Pour contrer les menaces toujours plus grandes que font peser les malwares Android sur les smartphones et les tablettes, des chercheurs de la North Carolina State University (NCSU) ont mis au point une méthode, potentiellement plus efficace, pour détecter ces logiciels malveillants sur les terminaux Android.

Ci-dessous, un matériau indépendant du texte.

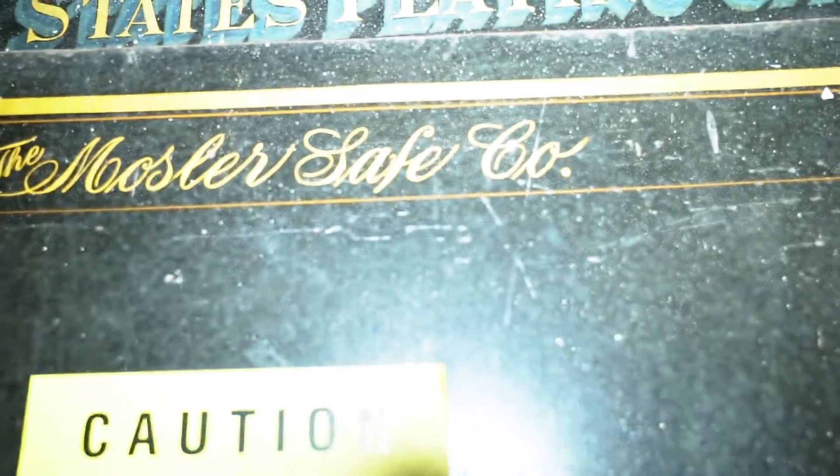Take a look at this folks — it's a safe. The United States Playing Card Company. They have a cute little picture on there. Let's see what's inside. Just what I expected: absolutely nothing. This place is all gutted out.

Du nom de Practical Root Exploit Containment (PREC), l'outil développé par les chercheurs est capable d'identifier les anomalies de code dans le langage de programmation C, qui sert de base à la plupart des malwares Android. PREC recherche les exploits root, ceux qui permettent d'accéder aux droits d'administration d'un terminal et peuvent servir à un pirate pour détourner certaines fonctions à des fins malveillantes. Les chercheurs ont détaillé leurs travaux dans un document intitulé : « PREC : Practical Root Exploit Containment pour les terminaux Android », qu'ils ont présenté lors de la quatrième conférence sur les données, la sécurité des applications et la protection des données privées (CODASPY - Conference on Data and Application Security and Privacy) organisée par l'Association for Computing Machinery qui a eu lieu du 3 au 5 mars à San Antonio, Texas.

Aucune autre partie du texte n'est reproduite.